### Exercise goal
Could you return the listing below exactly, with every line intact?

### Recorded data
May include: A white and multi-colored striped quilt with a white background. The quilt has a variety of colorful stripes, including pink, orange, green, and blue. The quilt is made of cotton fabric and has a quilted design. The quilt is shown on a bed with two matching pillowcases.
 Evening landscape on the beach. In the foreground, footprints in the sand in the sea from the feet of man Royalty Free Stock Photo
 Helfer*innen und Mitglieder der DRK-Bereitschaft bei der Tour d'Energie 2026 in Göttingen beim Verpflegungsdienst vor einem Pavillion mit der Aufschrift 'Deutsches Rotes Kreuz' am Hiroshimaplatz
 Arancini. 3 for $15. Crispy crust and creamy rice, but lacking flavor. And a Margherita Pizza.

### Exercise output
May include: A white and multi-colored striped quilt with a white background. The quilt has a variety of colorful stripes, including pink, orange, green, and blue. The quilt is made of cotton fabric and has a quilted design. The quilt is shown on a bed with two matching pillowcases.
 Evening landscape on the beach. In the foreground, footprints in the sand in the sea from the feet of man Royalty Free Stock Photo
 Helfer*innen und Mitglieder der DRK-Bereitschaft bei der Tour d'Energie 2026 in Göttingen beim Verpflegungsdienst vor einem Pavillion mit der Aufschrift 'Deutsches Rotes Kreuz' am Hiroshimaplatz
 Arancini. 3 for $15. Crispy crust and creamy rice, but lacking flavor. And a Margherita Pizza.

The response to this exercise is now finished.